I’ve faced a lot of trade-offs lately. I have had to try to decide what is the best option instead of having one exactly right option to choose from. I want there to be right and wrong answers, but often it’s much more complicated than that. I have to figure out how to make complicated, life-changing trade-offs.

It can get really tough, particularly because we don’t know the future and sometimes it’s really hard to know how to weigh things right. I’m not certain of many of the results of the major decisions that I make.

I can crave for decisions that don’t involve any trade-offs, decisions that appear completely black and white and easy. But that’s not life. Life is hard and messy at times. It’s just how it is.

Remembering others in hard times

There have been times when I think about all the hard things that are happening and I feel like I’m alone and abnormal and that so many other people have it better than I do.

Of course, that’s not true. Life is universally hard. We all go through very difficult things: childbirth is hard, death is hard, and all the space in-between can get really difficult too.

So why do we get thinking that things should always be great? Why do we avoid pain so much?

I am never alone in struggle. People struggle. They cry. They yell and scream. They feel awful.

I have found that I have been the most discouraged when I thought that other people have better circumstances than I do–or if they do have hard circumstances, they probably handle it better. But those are both false. No matter how overwhelming my challenges may seem, someone has been there before. And they may not have handled it any better than I am. They struggled too.

So suffering doesn’t need to be lonely. We don’t ever need to think that things should be better. They are what they are, and there are a lot of people who do understand.

When I remember that other people struggle, I feel better able to keep going. Lots of people are worse off than I am. And lots of people struggle to be strong.

But people usually get through it.
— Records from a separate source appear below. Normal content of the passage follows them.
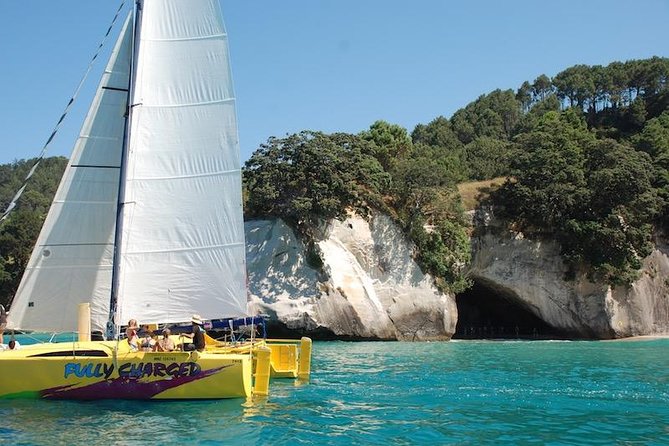 Arvo of goodness Chilled out Sail (3.5hrs) - On board comfort: bean bags, snorkel gear, and the included drink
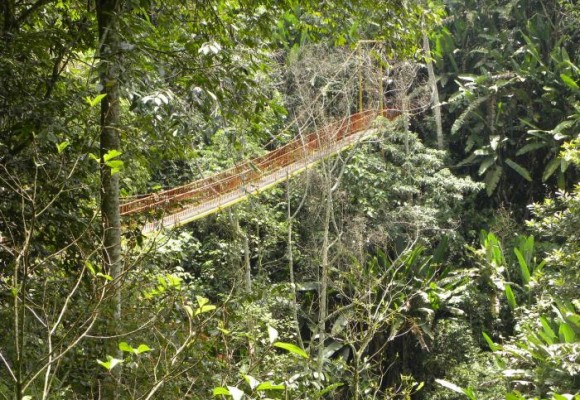El Edén del Quindío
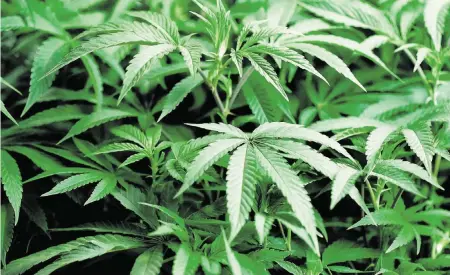  ?? CHARLIE RIEDEL AP | Oct. 31, 2022 ?? Supporters of recreation­al use of marijuana are gathering petition signatures in hopes of getting a constituti­onal amendment on Florida’s 2024 ballot.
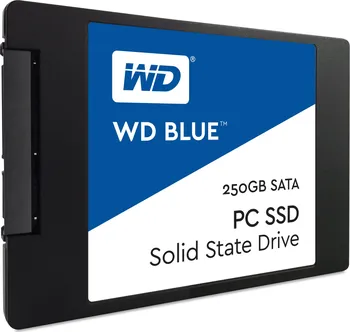 SSD disk Western Digital Blue SSD 250 GB (WDS250G1B0A)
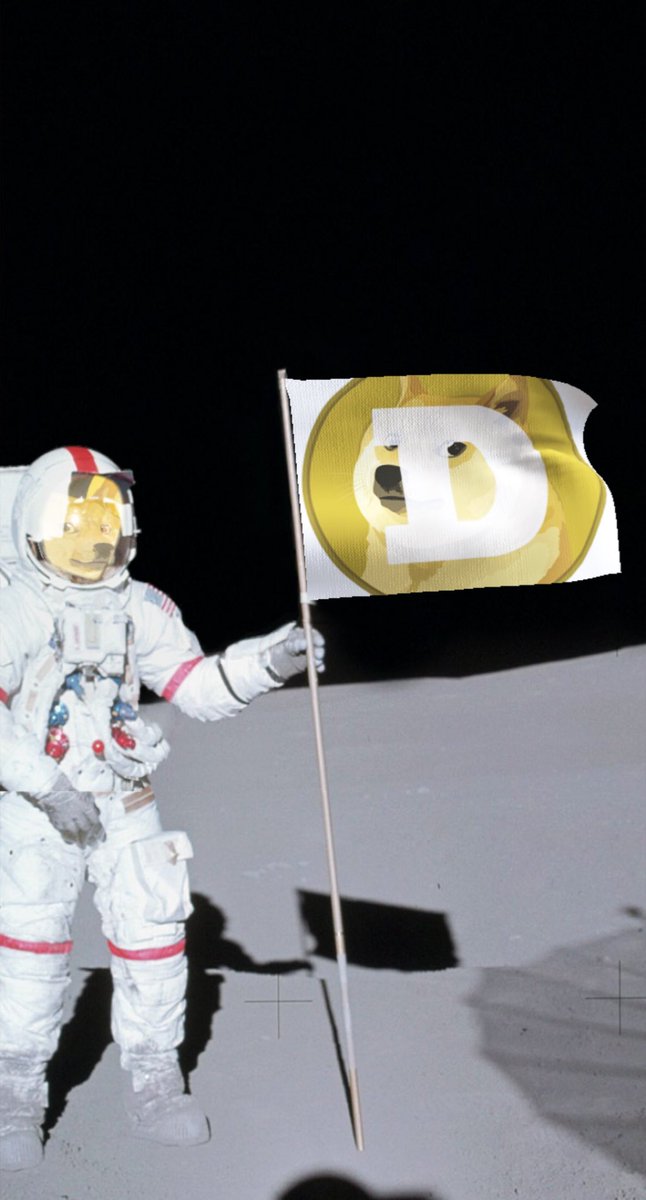 CitizenVoiceX's tweet photo. @elonmusk #dogecoin #ToTheMoon 
Void the 🐋, we’re going to the moon! 

#DogecoinRise #Dogecoinarmy #DogecoinToTheMoon #Dogecoins #crypto #cryptocurrency #Crypto #cryptocurrencies #crypto #HODL https://t.co/FBvSmKYd0U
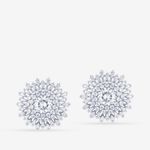 Buy Queen Be Ornate Wonder White Earrings - Purplle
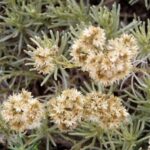 Helichrysum italicum – Immortelle d'Italie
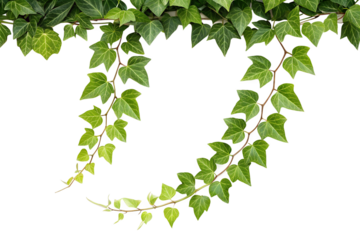 Lush Green Ivy Vines Nature's Elegant Decor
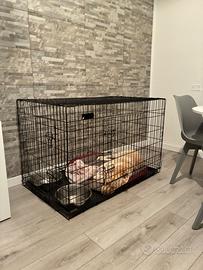 Kennel Cane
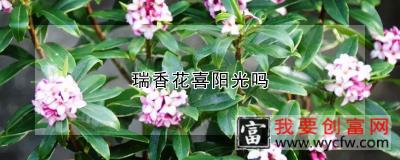 瑞香花喜阳光吗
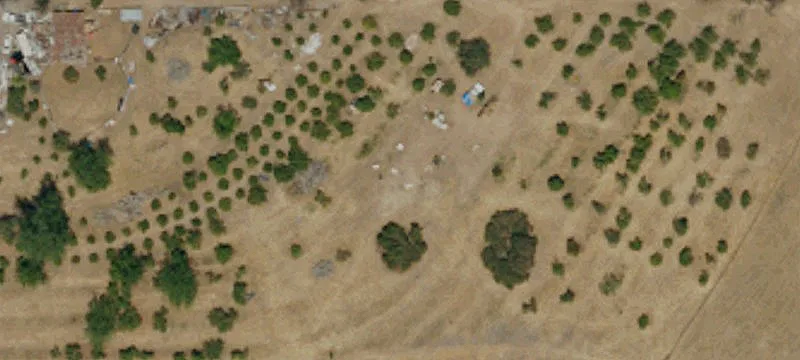 Light Agriculture Land with Residence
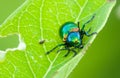 Dogbane beetle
Even though pain is universal, so is happiness. There is always hope. There is always the next step, and we rarely have to take it alone.

Keeping Calm

Today was an interesting day: when I came out of the shower, there was a strong smell in the air and my daughter was crying. I quickly found her along with half of a bottle of barbecue sauce on the kitchen counter. She was crying because she was covered in barbecue sauce and she kept slipping around in it and didn’t know what to do.

But there was more.

The boys had managed to find a dry erase marker and they had written on lots of things, including my brand-new door that we had just made (and we haven’t painted it yet, so I will have to literally sand out the ink). I thought it was the youngest one, but when I discovered the word Pokemon written on the wall later on in the day, I realized that it was not the youngest one. It was my kindergartner, who had been quite happy to not take the blame for it, but he was perfectly honest when I asked him directly.

And to top things of, the boys had also gotten knives out of the drawer and thought they would make good toys.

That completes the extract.